In the first U.S. case involving alleged FDCPA violations arising from use of modern technology that generated and disclosed an innocuous internal tracking number, which had no capacity to identify or expose the consumer’s personal financial information, collection agency urges the Third Circuit to reconsider its erroneous decision.

Convergent Outsourcing filed a Petition for Rehearing En Banc or Panel Rehearing (the “Petition”) with the Third Circuit Court of Appeals in Douglass v.
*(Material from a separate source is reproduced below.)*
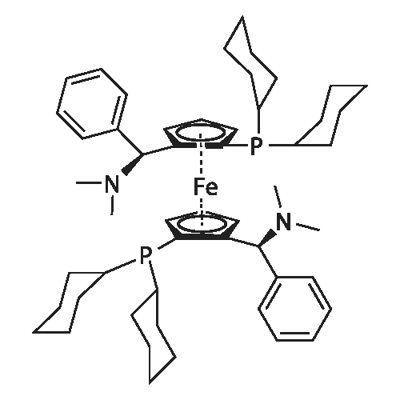 (AS,AS)-1,1#-BIS[<ALPHA>-(DIMETHYLAMINO)BENZYL]-(R,R)-2,2#-BIS(DICYCLOHEXYLPHOSP Structure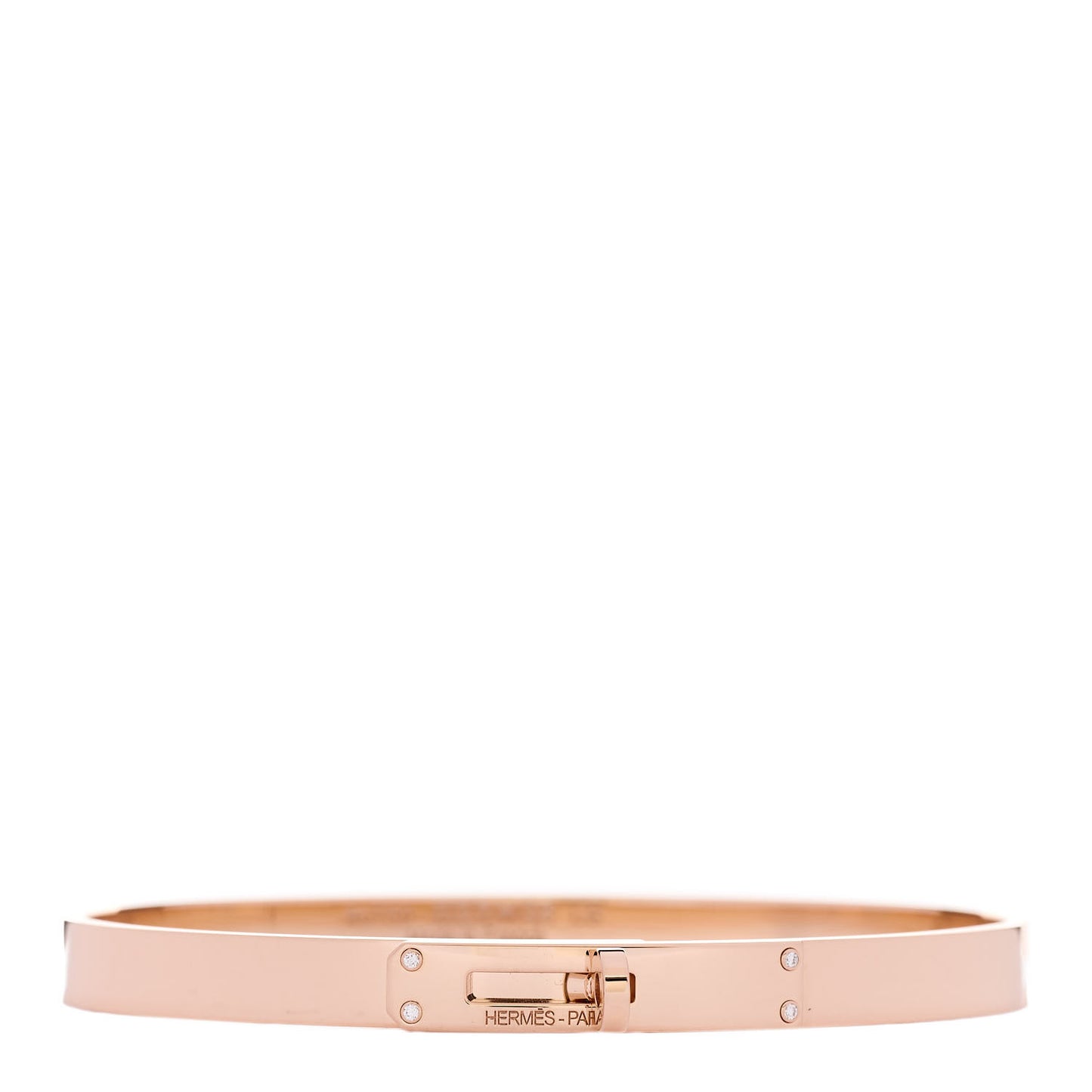 18K Rose Gold Diamond PM Kelly Bracelet LG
Convergent Outsourcing, No. 13-3588, 2014 WL 4235570, — F.3d — (3d Cir. 2014).  The Collection Agency requested that the Third Circuit revisit the appellate decision issued in Douglass by the three-judge panel just two weeks ago, which ruled that the disclosure of a consumer’s account number, which was visible through the transparent address window on the face of a debt collector’s envelope, violates the federal Fair Debt Collection Practices Act.


The Collection Agency argues that the Third Circuit should grant its Petition because the Douglass case concerns a matter of exceptional importance greatly affecting the $55.2 billion debt collection industry and the method and manner in which collection agencies send debt collection letters to consumers.


In Douglass, the Collection Agency sent a debt collection letter to a consumer in 2011 to collect a debt owed to T-Mobile USA. The collection letter contained the consumer’s name, address and a sequence of letters and numbers used by the Collection Agency to internally track the consumer’s collection account.  All of this information, including the internal tracking number, showed through the clear glassine window of the envelope in which the collection letter was sent. The consumer filed a class-action lawsuit against the Collection Agency, complaining that the disclosure of the internal tracking account number, which appeared through the envelope, violated Section 1692f(8) of the FDCPA, which prohibits “using any language or symbol” other than a debt collector’s name and address on an envelope.


On appeal, the Third Circuit decided in favor of the Plaintiff and against Convergent.  Although the Fifth and Eighth circuits read Section 1692f(8) to allow markings on an envelope, the Third Circuit held that the account number is a core piece of information pertaining to Douglass’s status as a debtor and Convergent’s debt collection effort and that by disclosing it to the public, it could be used to expose her financial predicament.